## INFORMATION SUPPLIED
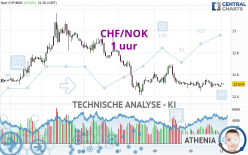 CHF/NOK - 1H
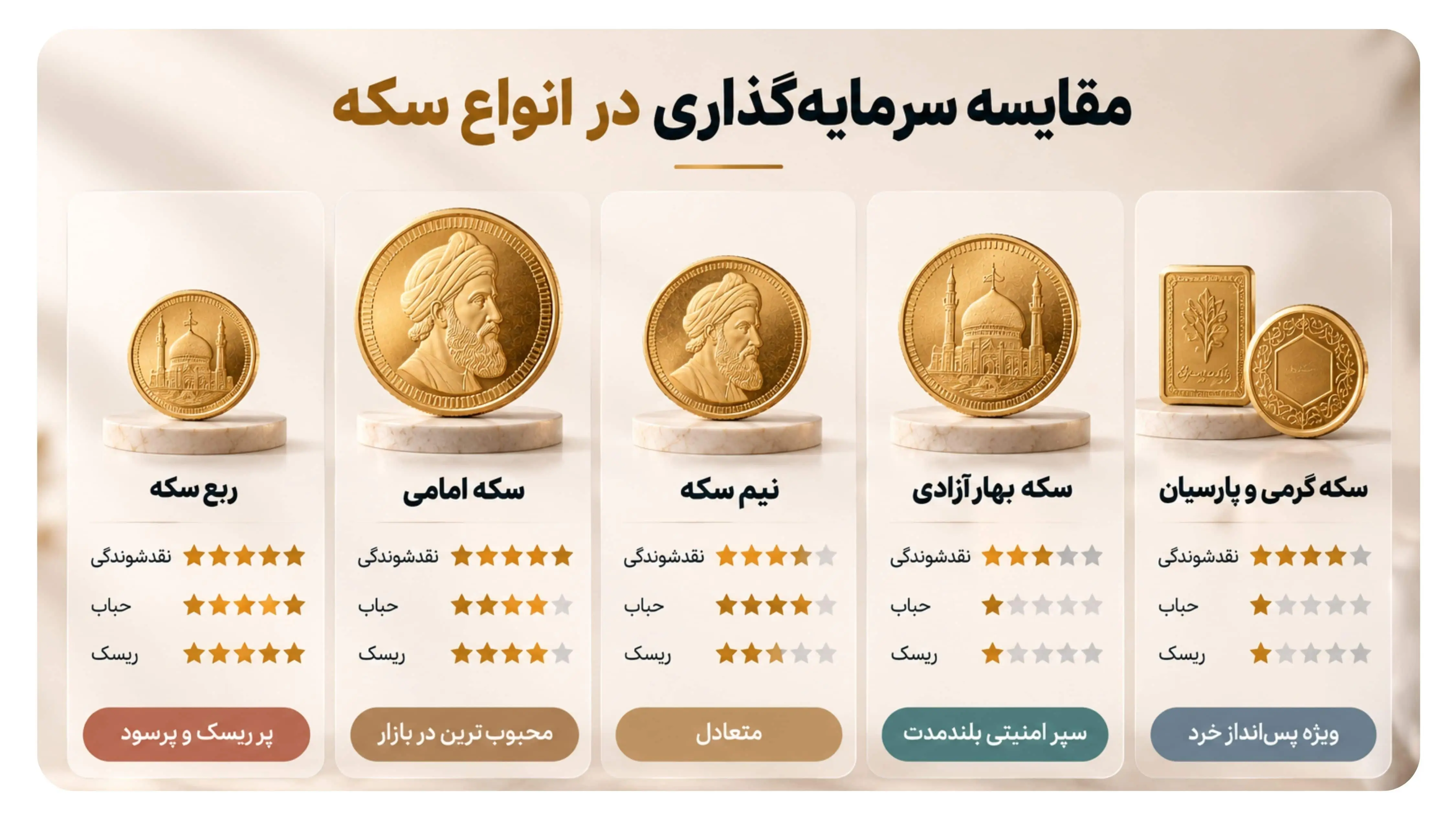 مقایسه انواع سکهها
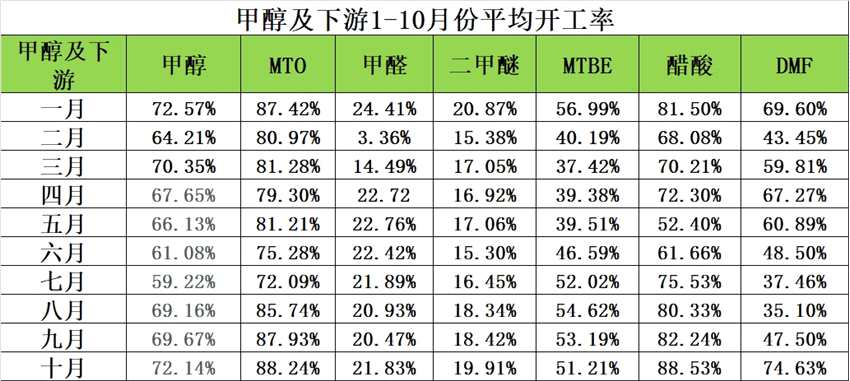 山东柏翔：《伊朗甲醇，成也萧何败也萧何》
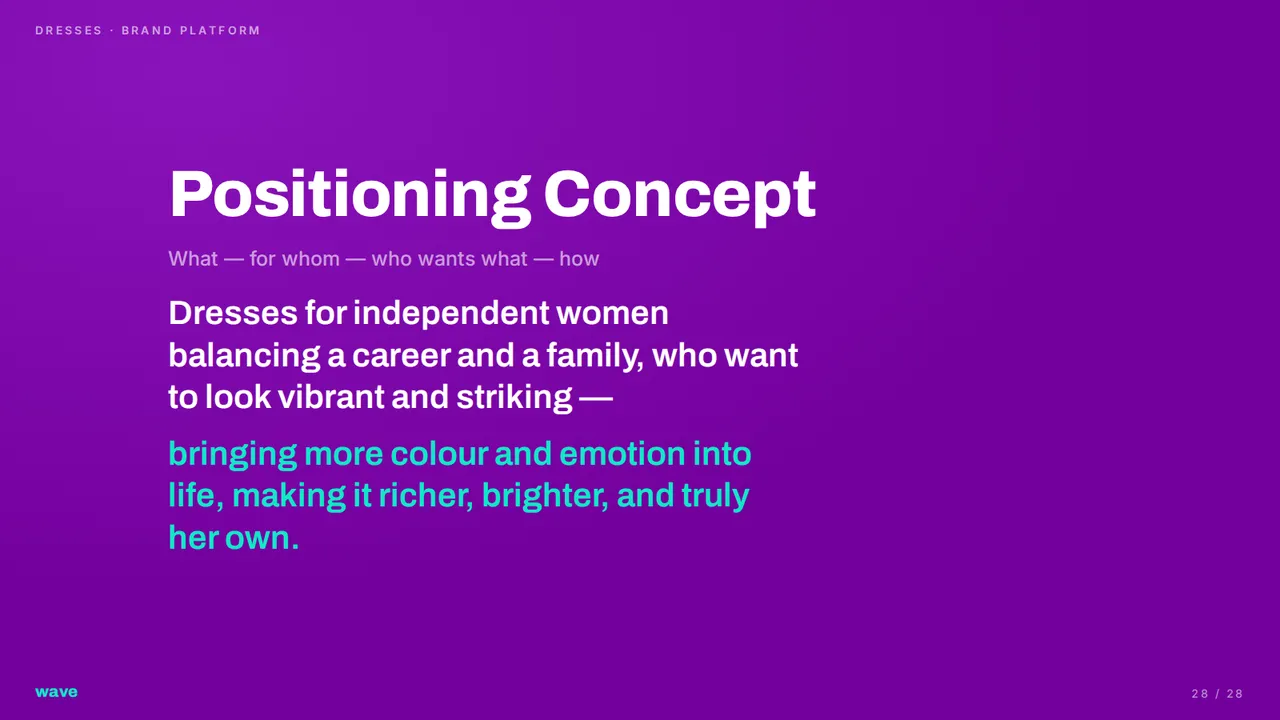 Dresses brand platform — Positioning concept, slide 28 of 28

## WHAT IS REQUIRED
Provide the listing above once more, exactly, with the pictures removed.

## RESULT OF THIS TASK
 CHF/NOK - 1H
 مقایسه انواع سکهها
 山东柏翔：《伊朗甲醇，成也萧何败也萧何》
 Dresses brand platform — Positioning concept, slide 28 of 28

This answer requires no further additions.